The DHS Program User Forum
Discussions regarding The DHS Program data and results
Home » Data » Merging data files » Merging IR and KR with PR - no unique identifiers (for particular countries only)
Merging IR and KR with PR - no unique identifiers (for particular countries only) [message #14974] Wed, 23 May 2018 07:21 Go to next message
nibiti is currently offline  nibiti
Messages: 20
Registered: April 2018
Location: Göttingen
Member
Hi guys,

I've posted this in another thread but I guess it makes more sense to have it as a stand-alone topic.

I am working with Sub-Saharan African countries and have already merged PR with the GE files (for GPS coordinates). Now, I am merging these combined PR/GE files with MR, IR and KR datasets. This works fine except for a few countries/waves for IR and KR. Following the guiudelines from other forums, I am using as identifiers hv001 hv002 and hvidx (PR), v001, v002 and v003 (IR) and v001, v002 and b16 (KR). I have renamed the variables in IR and KR to match the PR variable names.

As said, I am using Sub-Saharan African countries in waves 3 to 7. I have excluded KR from wave 3 because the b16 identifier does not exist there. Also, I am also using the Stata commands "drop if b16==0" and "drop if b16==." and have also removed duplicates in the Using dataset with the command "duplicates drop v001 v002 v003, force" (for IR) and "duplicates drop v001 v002 b16, force" (for KR).


There are several countries for which the three variables are still not unqiue identifiers when trying to merge. Here's a list of those countries and waves:

Wave 3:
IR: ML, NI, TG --> all not uniquely identified in the Using data

Wave 4:
IR: ML, SN --> all not uniquely identified in the Using data

Wave 6:
KR: BJ, LS, ML --> all not uniquely identified in the Using data


Separately for each wave, I am using a loop over all countries. For all other countries it works fine, which means that the code is not the problem and all the merge commands are correct. It should be something about the raw data, is what I suspect. Maybe someone has an idea?

Many thanks in advance
Best
Timo

[Updated on: Wed, 23 May 2018 07:26]

Report message to a moderator

Re: Merging IR and KR with PR - no unique identifiers (for particular countries only) [message #14978 is a reply to message #14974] Wed, 23 May 2018 07:53 Go to previous messageGo to next message
Bridgette-DHS is currently offline  Bridgette-DHS
Messages: 3013
Registered: February 2013
Senior Member
Following is a response from Senior DHS Stata Specialist, Tom Pullum:

Regarding what's in what file--you may have found some exceptions to the general pattern. Also there have been some changes over time; what's standard now has not always been standard.

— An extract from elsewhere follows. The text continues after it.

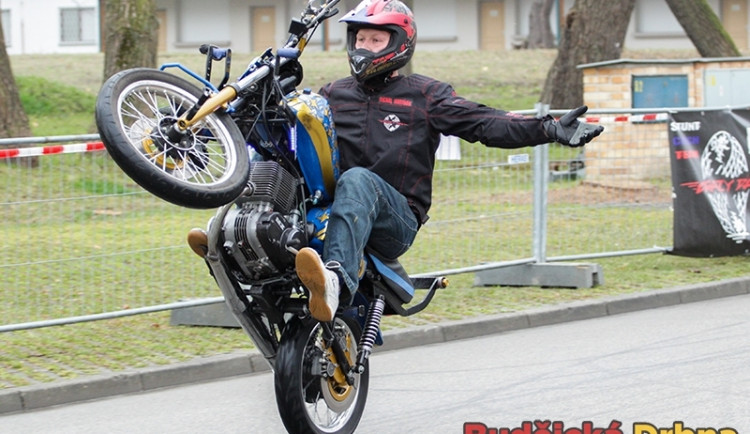 Loňský jubilejní 20. Mobil salon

Yes, there are some surveys with files that are difficult to merge. If you don't have b16, then you can't merge the KR and PR files with complete reliability, but apart from that some merges are difficult.

Try the following example of a PR / KR merge, which uses caseid and hhid. (You will want to include more variables in the "keep" lines and change the paths.) It should work on some of those difficult merges but probably not all. Let me know which ones remain.

I want DHS to prepare a library of merge programs for these difficult cases. The basic problem is that in some surveys there is a sub-household id and it's not well documented.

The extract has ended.